Many Web sites use eCommerce systems and CMS software producing cluttered non-standard HTML code, badly structured SE-unfriendly navigation, and huge amounts of duplicated textual content available from various URLs. In conjunction with architectural improvements like SE-friendly cloaking to enhance such a site's crawl-ability, a Google Sitemap will help to increase the number of crawled and indexed pages. In some cases this may be a double-edged sword, because on formerly rarely indexed sites a full crawl may reveal unintended content duplication, which leads to suppressed search results caused by your newer filters.
What is your advice for (large) dynamic sites suffering from sessionIDs and UI specific query string parameters, case issues in URLs, navigation structures which create multiple URLs pointing to the same content, excessively repeated text snippets, or thin product pages without unique content except of the SKU and a picture linked to the shopping cart? Will or do you use the (crawling) priority attribute to determine whether you index a URL from the sitemap, or a variant -- with similar or near duplicated content -- found by a regular crawl?
Everything that applies to regular discovery crawling of sites applies to pages listed in Sitemaps. Our webmaster guidelines provide many tips about these issues. Take a look at your site in a text-only browser. What content is visible?
As for dynamic pages that cause duplicate content listings in the Sitemap, make sure that a version of each page exists that doesn't include things like a session ID in the URL and then list that version of the page in your Sitemap.
Make sure that the Sitemap doesn't include multiple versions of the same page that differ only in session ID, for instance.
If your site uses a content management system or database, you probably want to review your generated Sitemap before submitting to make sure that each page of your site is only listed once.

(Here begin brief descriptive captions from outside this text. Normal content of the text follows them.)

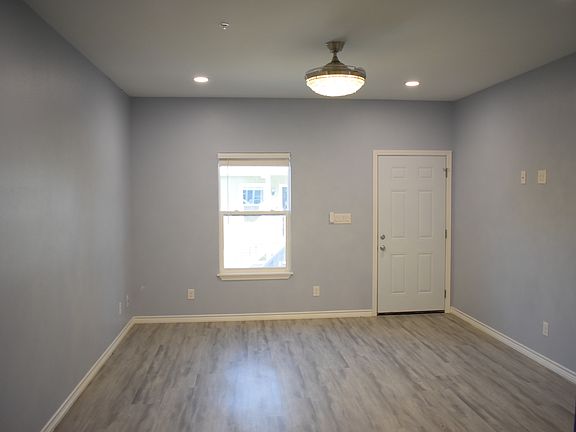 2nd image of 1905 Banita St #201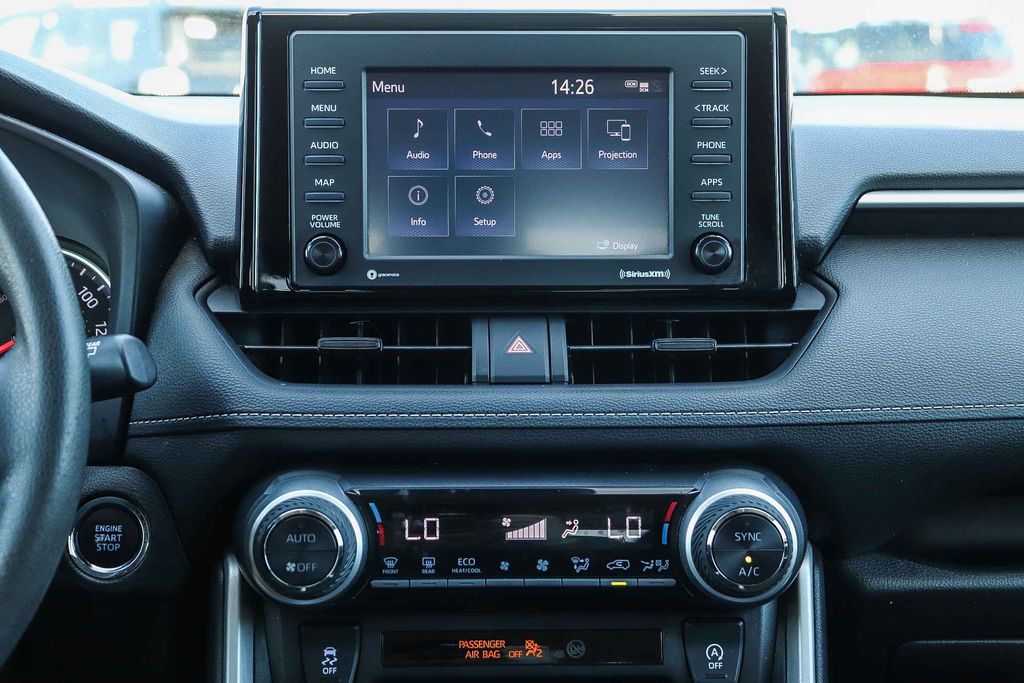 Thumbnail: 2021 Toyota RAV4 - 13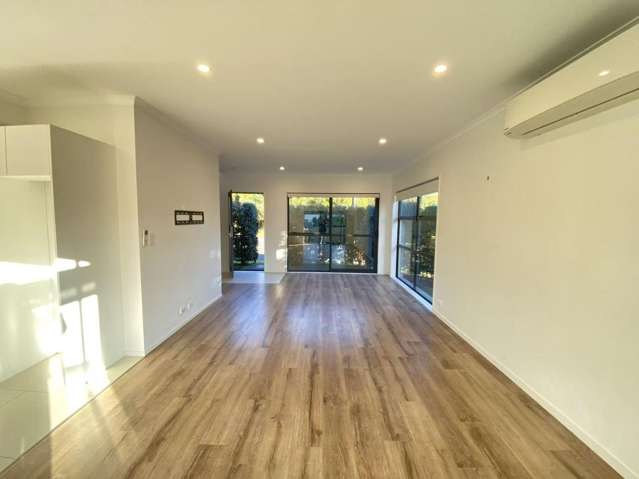 1/36 Brigham Creek Road Whenuapai_1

After all, you only want each page listed once in the search results, not listed multiple times with different variations of the URL.
Google is the first major search engine informing Webmasters -- not only Sitemaps users -- about the crawlability of their Web sites. Besides problem reports your statistics even show top search queries, the most clicked search terms, PageRank distribution, overviews on content types, encoding and more. You roll out new reports quite frequently, what is the major source of your inspiration?
We look at what users are asking for in the discussion groups and we work very closely with the crawling and indexing teams within Google.
Andrey adds, "if we find a particular statistic that is useful to webmasters and doesn't expose confidential details of the Google algorithms, we queue that up for release."
On the error pages you show a list of invalid URLs, for example 404 responses and other errors. If the source is "Web", that is the URL was found on the site or anywhere on the Web during the regular crawling process and not harvested from a Sitemap, it's hard to localize the page(s) carrying the dead link. A Web search does not always lead to the source, because you don't index every page you've crawled. Thus in many cases it's impossible to ask the other Webmaster for a correction.
Since Google knows every link out there, or at least should know the location where an invalid URL was found in the first place, can you report the sources of dead links on the error page? Also, do you have plans to show more errors?
We have a long list of things we'd love to add, but we can only work so fast. :) Meanwhile, we do read every post in the group to look for common requests and suggestions, so please keep them coming!
HTTP/1.1 introduced the 410-Gone response code, which is supported by the newer Mozilla-compatible Googlebot, but not by the older crawler which still does HTTP/1.0 requests. The 404-Not found response indicates that the requested resource may reappear, so the right thing to do is responding with a 410 error if a resource has been removed permanently.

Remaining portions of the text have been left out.